SUPPLIED INFORMATION:
================================
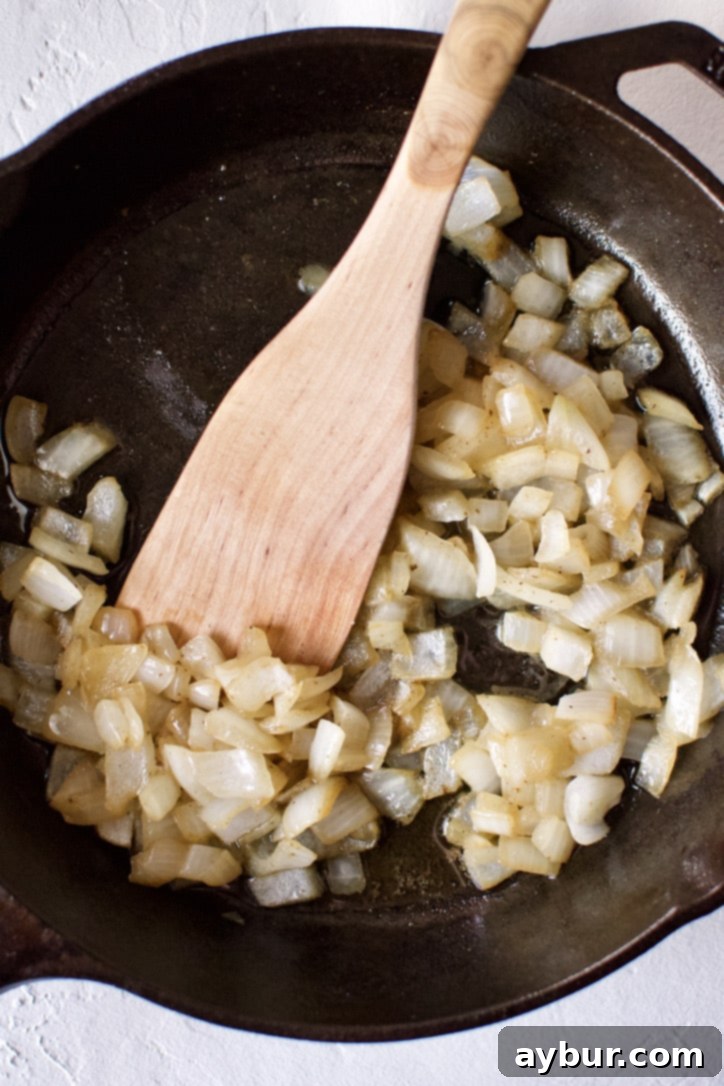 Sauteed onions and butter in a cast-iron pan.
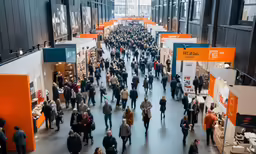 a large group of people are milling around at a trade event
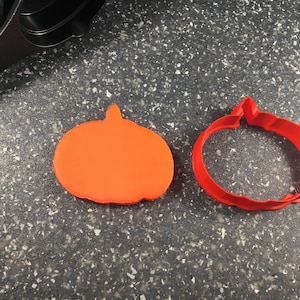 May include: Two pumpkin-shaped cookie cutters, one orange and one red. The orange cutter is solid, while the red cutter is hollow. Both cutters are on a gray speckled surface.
================================
WORK REQUIRED: Copy the listing above word for word. Do not include the pictures.

RESULT:
 Sauteed onions and butter in a cast-iron pan.
 a large group of people are milling around at a trade event
 May include: Two pumpkin-shaped cookie cutters, one orange and one red. The orange cutter is solid, while the red cutter is hollow. Both cutters are on a gray speckled surface.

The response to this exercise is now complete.